Nakase-Richardson Risa, Sepehri Arash, Sherer Mark, Yablon Stuart A, Evans Clea, Mani Tanja
James A. Haley Veterans Affairs Medical Center, Psychology Service, Tampa, Florida 33612, USA.
Arch Phys Med Rehabil. 2009 Jan;90(1):17-9. doi: 10.1016/j.apmr.2008.06.030.
Early investigations classified traumatic brain injury (TBI) severity according to posttraumatic amnesia (PTA) duration, designating "greater than 7 days" as the most severe.
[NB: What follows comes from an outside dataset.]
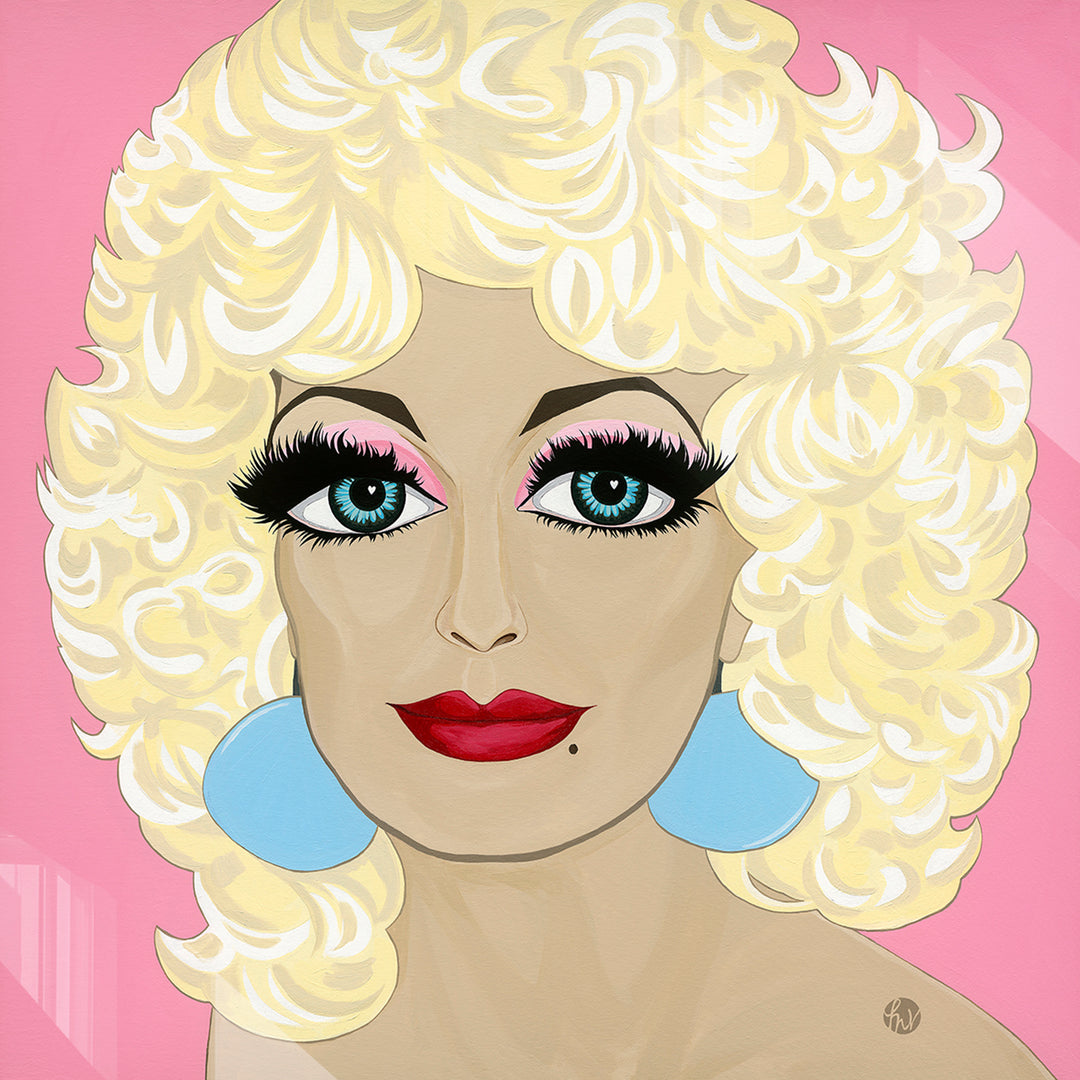 Dolly Love, Blue Eyes, HD Metal Print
PTA durations of more than 7 days are common in neurorehabilitation populations. Moreover, no study has derived a PTA severity schema anchored to late outcome. The purpose of this study was to develop a PTA severity classification schema.
Prospective observational study.
Rehabilitation hospital.
Sample included TBI Model System participants (N=280) with known or imputed PTA duration during acute hospitalization and 1-year productivity status. Participants were primarily male (70%), median age of 27 years; and the most common mechanism of injury was motor vehicle collisions (79%). For study purposes, 4 injury severity groups were identified by observing differences in productivity associated with different PTA durations.
None.
Productivity status at 1 year postinjury.
Fisher exact test comparisons revealed significant differences among 3 of the groups. Most individuals with PTA fewer than 14 days had favorable 1-year outcome (68% productive), whereas worse outcomes were associated with PTA more than 28 days (18% productive).
If validated by other investigators, the proposed schema will be useful in determining prognosis for late functional status based on PTA duration.
早期研究根据创伤后遗忘(PTA)持续时间对创伤性脑损伤(TBI)的严重程度进行分类,将“超过7天”指定为最严重。在神经康复人群中,PTA持续时间超过7天很常见。此外,尚无研究得出基于远期结局的PTA严重程度模式。本研究的目的是制定一种PTA严重程度分类模式。
前瞻性观察性研究。
康复医院。
样本包括创伤性脑损伤模型系统的参与者(N = 280),他们在急性住院期间有已知或推算的PTA持续时间以及1年的生产力状况。参与者主要为男性(70%),中位年龄27岁;最常见的损伤机制是机动车碰撞(79%)。为了研究目的,通过观察与不同PTA持续时间相关的生产力差异,确定了4个损伤严重程度组。
无。
伤后1年的生产力状况。
Fisher精确检验比较显示,3个组之间存在显著差异。大多数PTA少于14天的个体1年结局良好(68%有生产力),而PTA超过28天的个体结局较差(18%有生产力)。
如果经其他研究者验证,所提出的模式将有助于根据PTA持续时间确定远期功能状态的预后。